# Sticky  new guy trying to buy '91 max



## Dwl9113 (Nov 6, 2005)

ok guys i am looking around for a cheaper DD and i ran across this 1991 maxima and i was wondering if you guys could give me a little backround about how reliable this would be and if its a good car. basically i would lik ea review of the car and good or bad buy if you guys wouldnt mind. so here is the run down.
91 Maxima SE 5spd manual, V-6, 4-door. Timing belt service done at 115K, new C/V boots on rebuilt axles, recent rear brake job, front brakes in 04, good tires. DENT in pas side 1/4 panel.
miles 163,000
price $1350

any and all help/advice would be greatly appreciated thanks.


----------



## Matt93SE (Sep 17, 2003)

These cars will go forever if you keep them maintained. I know several people with 300,000+ miles on them.

things to look for:
transmission bearings. input shaft bearings are known to go out. shop rebuild: $850. home rebuild: $110 for two bearings and a couple of seals.
listen for a growling/grinding noise in lower gears, especially under heavy throttle.

exhaust studs. the engine mounts in these cars are pretty soft and let the engine flop around. the exhaust studs are also weak. this means when you romp on the car, the exhaust basically rips the manifolds off the engine, snapping the studs one at a time. listen for ticking that's loudest the first couple minutes of engine running. once the manifolds warm up, they kinda warp back into place and seal the gasket shut again. after a while, they will tick all the time as the manifold permanently warps.
shop repair: approx $300 per head. home repair: appros $50 per head

fuel injectors... as with any old car, the injectors are prone to failure if they are not kept clean. usually I run Chevron w/ Techron injector cleaner through the car about once a year and have never had an injector failure in 350,000 miles between two Maximas (125k on one, 225k on the second).

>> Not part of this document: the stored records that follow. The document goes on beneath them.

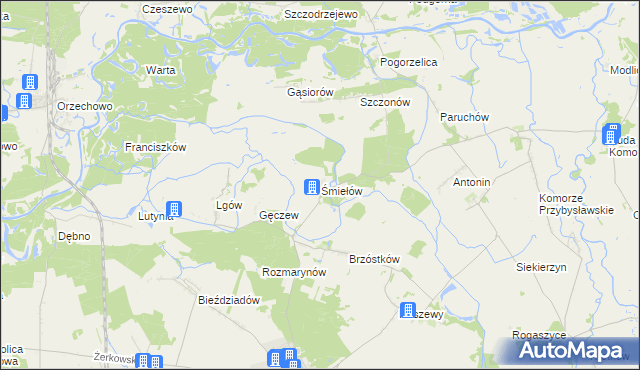 mapa Śmiełów, Śmiełów na mapie Targeo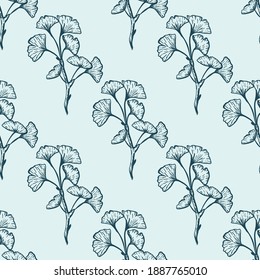 Luxury seamless pattern of Ginkgo biloba leaves. Fabric, textile hand drawn illustration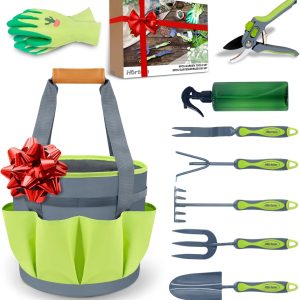 Hortem Garden Tools Set, 9PCS Gardening Tools Include Durable Steel Trowel Set, Large Garden Tote Bag, Garden Gloves and Hand Pruner, Gardening Gifts for Women Men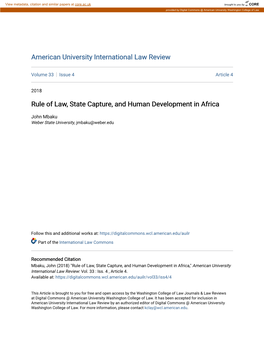 Rule of Law, State Capture, and Human Development in Africa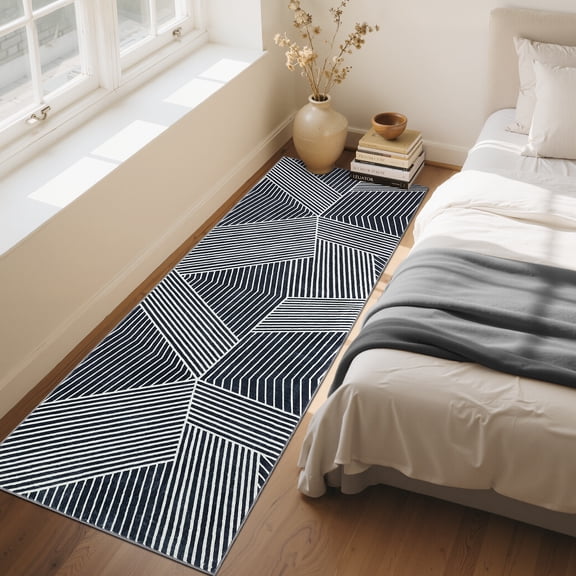 HOMERRY Geometric Striped Runner 2' x 6' for Hallway Modern Washable Throw Rugs for Kitchen Indoor Carpet, Black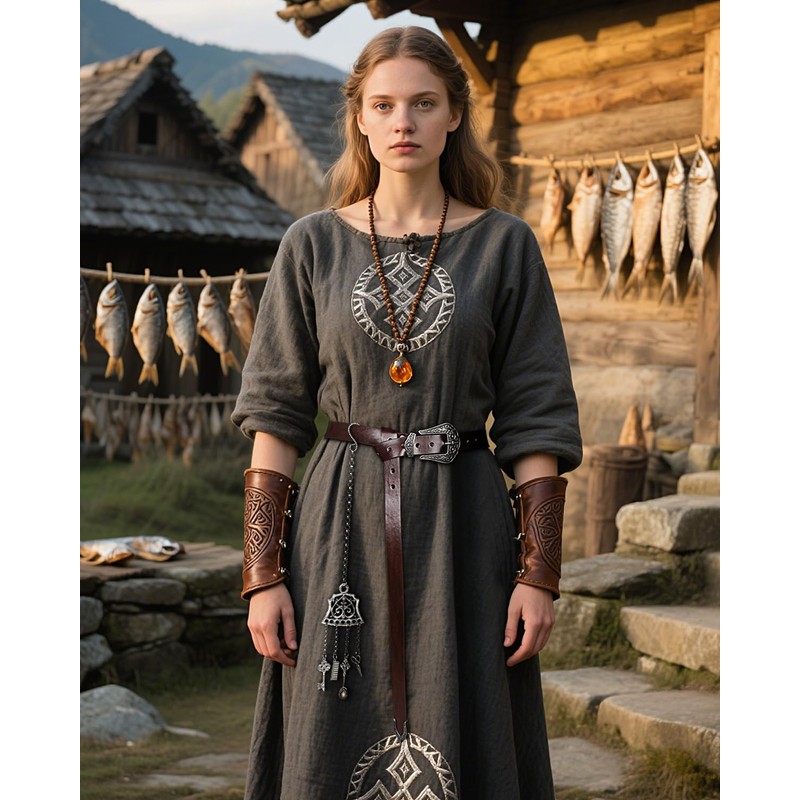 Joukavor Medieval Leather Belt with Chatelaine Tools Clip Renaissance Accessories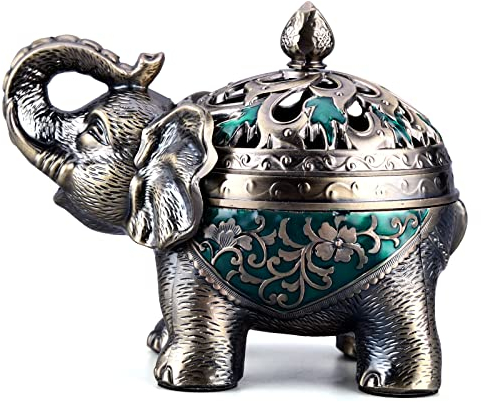 K COOL Porte-encens en métal à refoulement en forme d'éléphant avec couvercle, décoration d'aromathérapie pour intérieur et extérieur (vert)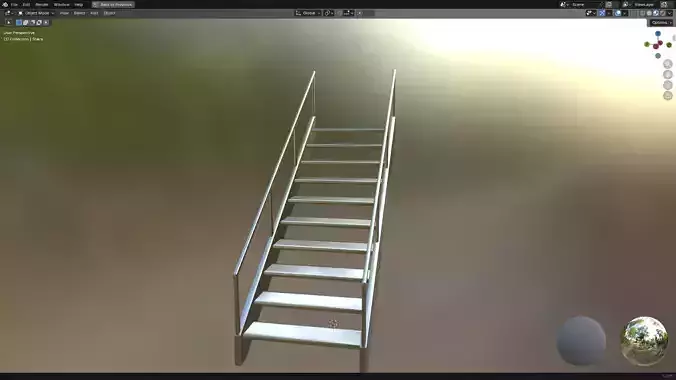 Metal Stairs PBR Low-poly 3D model 6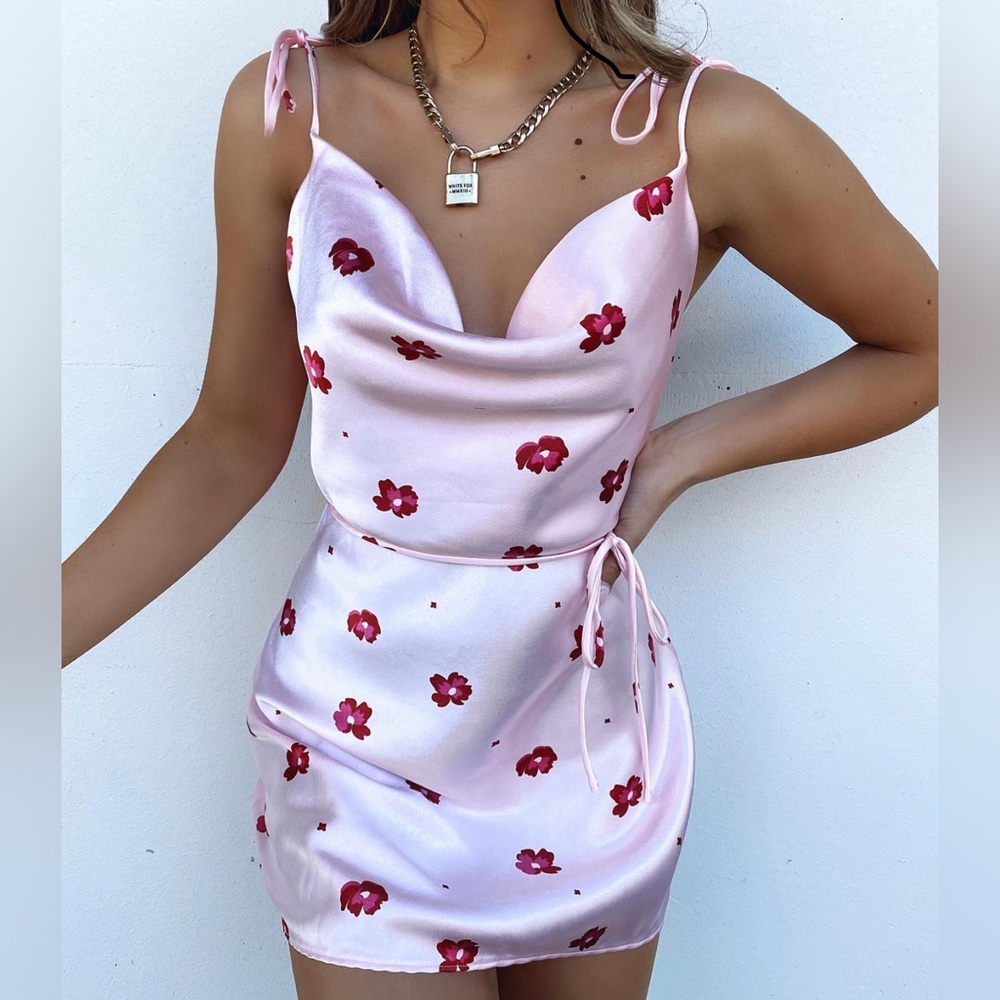 WHITE FOX BOUTIQUE- Pink Satin Camellia Mini Dress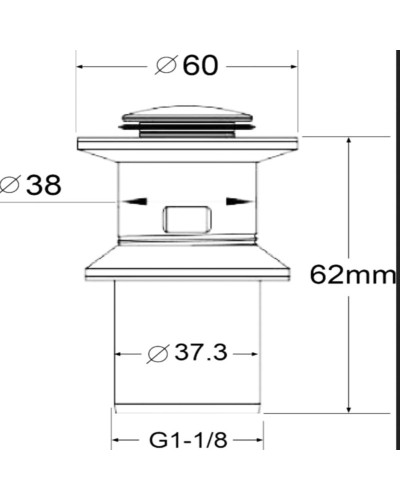 Донный клапан BelBagno BB-PCU-01-IN click-clack Сатин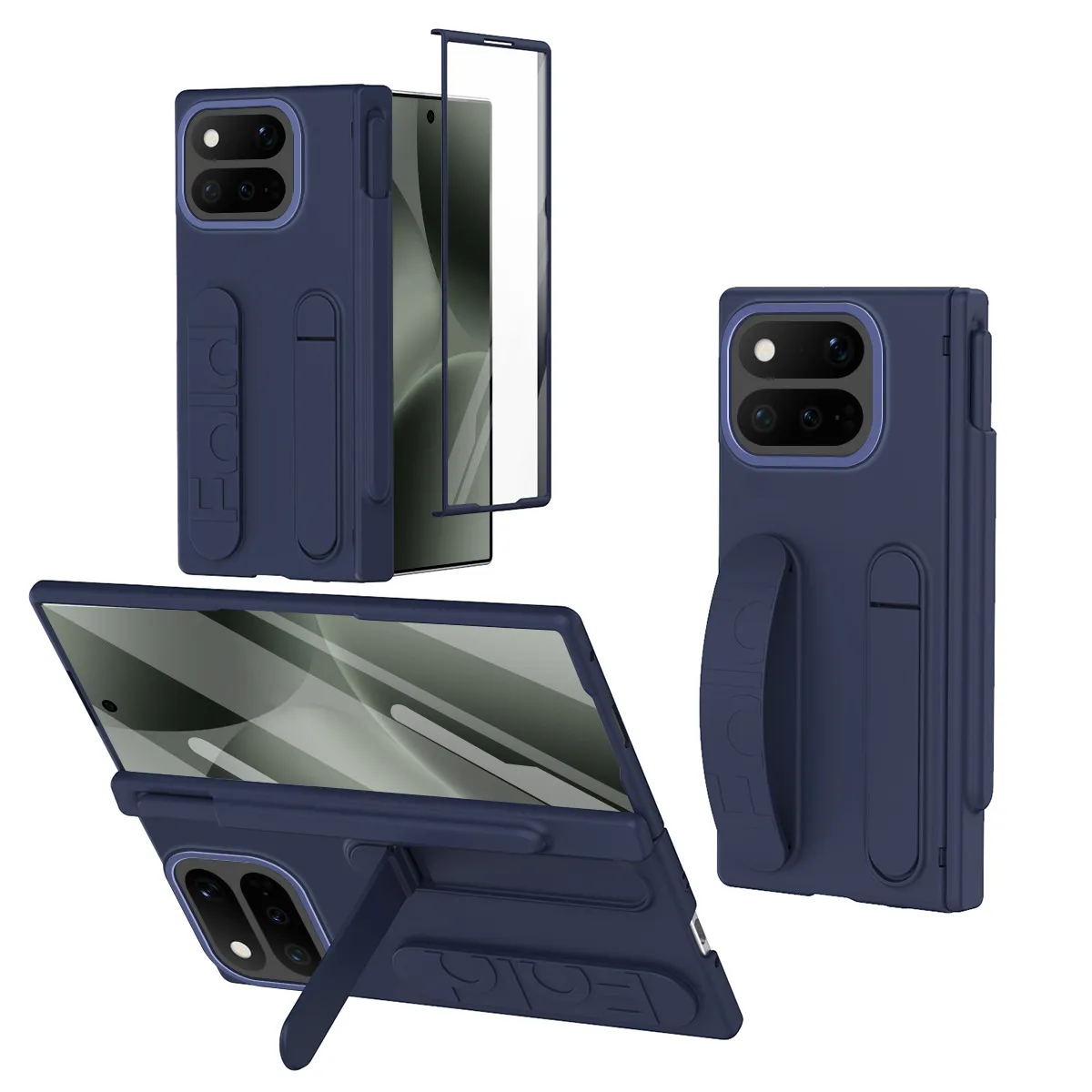 Compatible with Google Pixel 11 Pro phone case, Google Fold 9 wrist strap, pen slot, hinge, full-coverage drop protection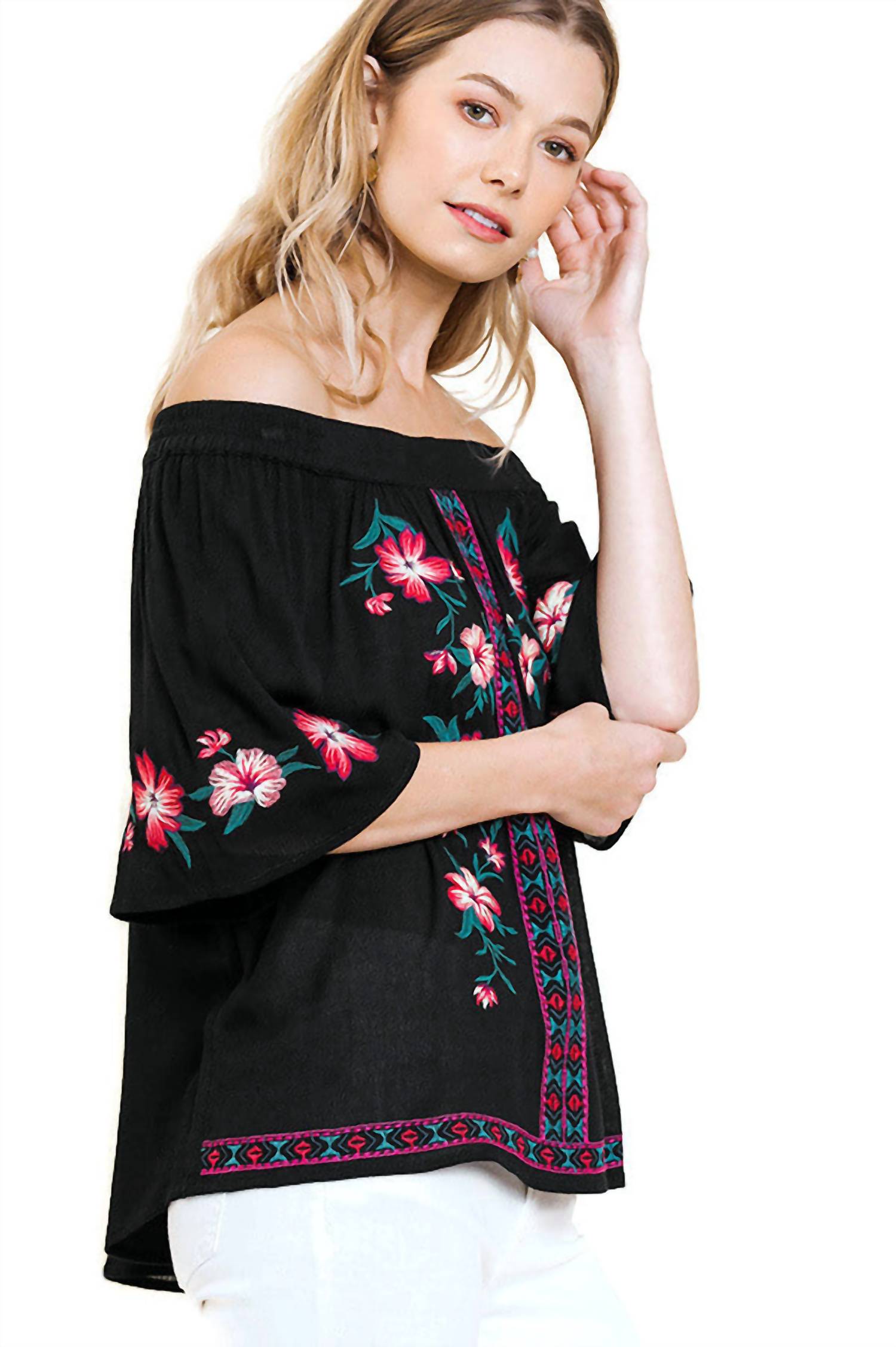 Umgee - Floral Embroidered Off The Shoulder Top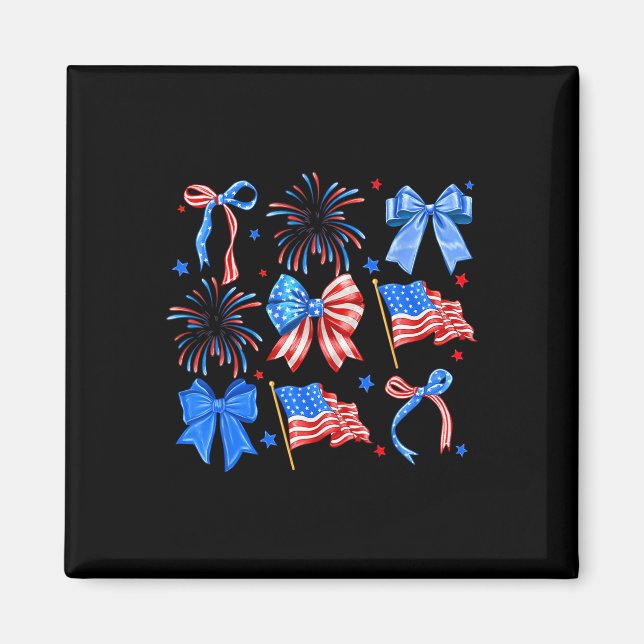 Imã Laços Coquette Vermelho Branco Azul Bandeira Dos E (Frente)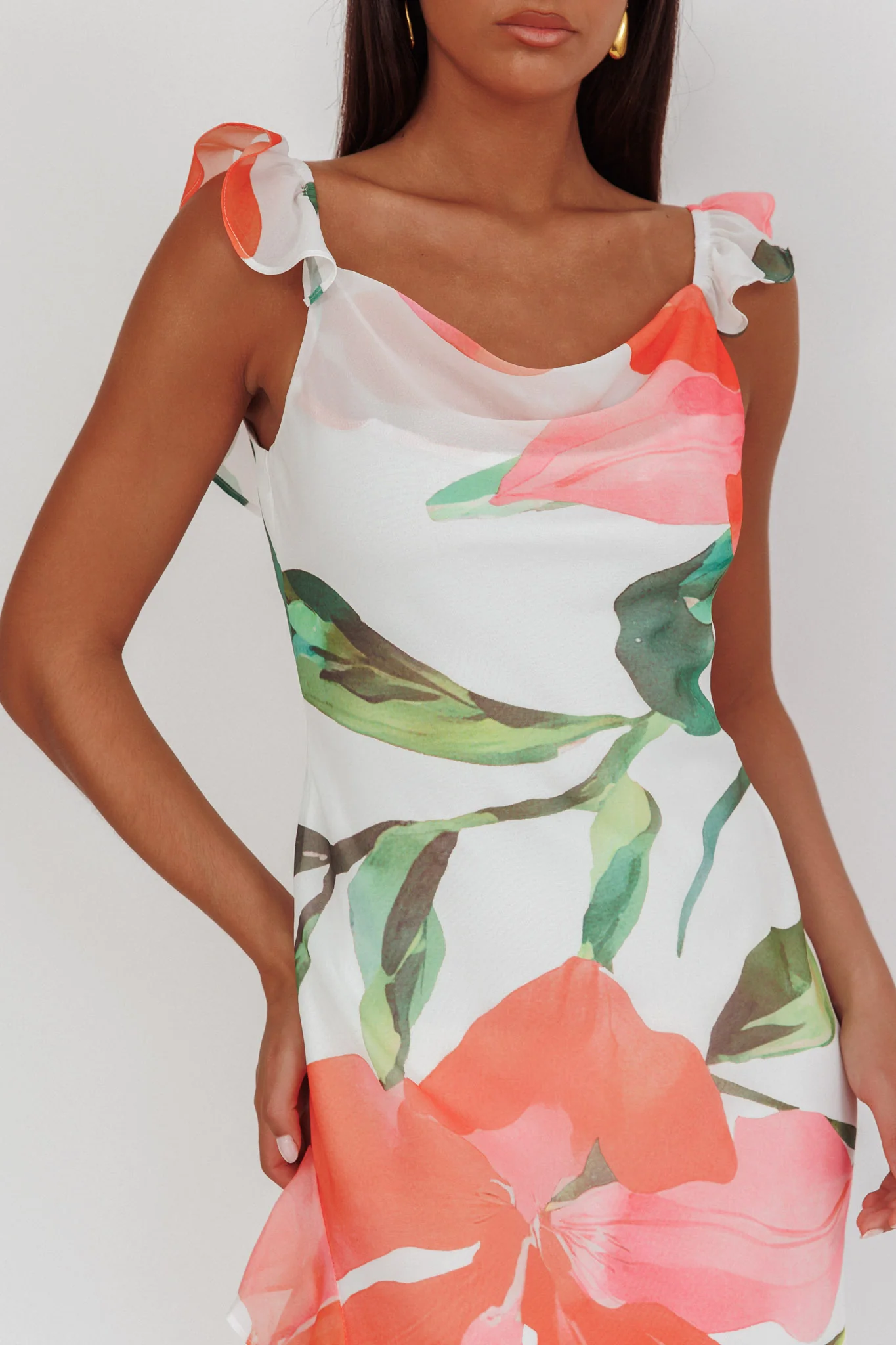 Loula Ruffle Strap Maxi Dress Floral Red - Image 3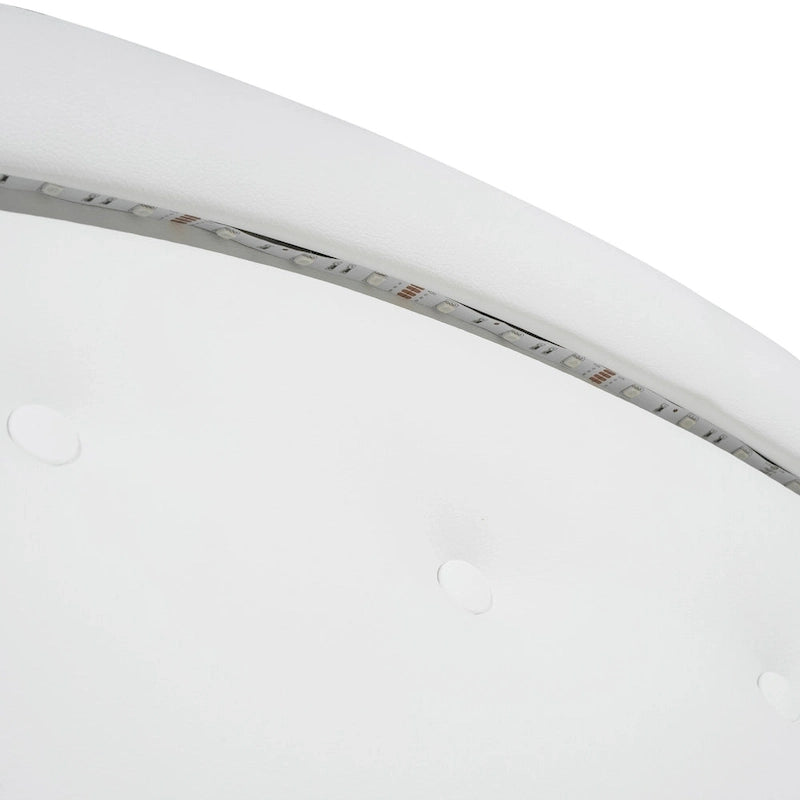 Upholstered Platform Bed with Tufted Headboard, LED and Two Drawers for Bedroom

those are the main things to look for. the rest of the common stuff (C/V joints, timing belt, brakes, etc) are already taken care of. only other thing to note is the timing belt should be done every 60k miles, so it's about a year away from needing another one.


Edit... I'm going to stick this thread. it comes up about once a month, so there's no point in repeating it every time.


----------



## Dwl9113 (Nov 6, 2005)

hey man i appreciate the fast response and the help. I do realize these type of questions come up alot but i was unable to use the search button so sorry for that. well im off to call the guy so hopefully i will be sticking around here alittle more  . again thanks for the help.


----------



## alexnds (Oct 1, 2005)

*what to look for in buy a 3rd Gen Maxima*



Dwl9113 said:


> ok guys i am looking around for a cheaper DD and i ran across this 1991 maxima and i was wondering if you guys could give me a little backround about how reliable this would be and if its a good car. basically i would lik ea review of the car and good or bad buy if you guys wouldnt mind. so here is the run down.
> 91 Maxima SE 5spd manual, V-6, 4-door. Timing belt service done at 115K, new C/V boots on rebuilt axles, recent rear brake job, front brakes in 04, good tires. DENT in pas side 1/4 panel.
> miles 163,000
> price $1350
> ...


My suggestion is to buy the car. I had a 1992 that I had for 11 years and the 3rd Gen in particular (1989-1994) seems to be car that is designed for 15-20 years, and some newer models are only designed for 10 yrs at most. I recently wanted a car for my wife to learn to drive on, so I went ahead and bought a 1993 with 146k miles on it! 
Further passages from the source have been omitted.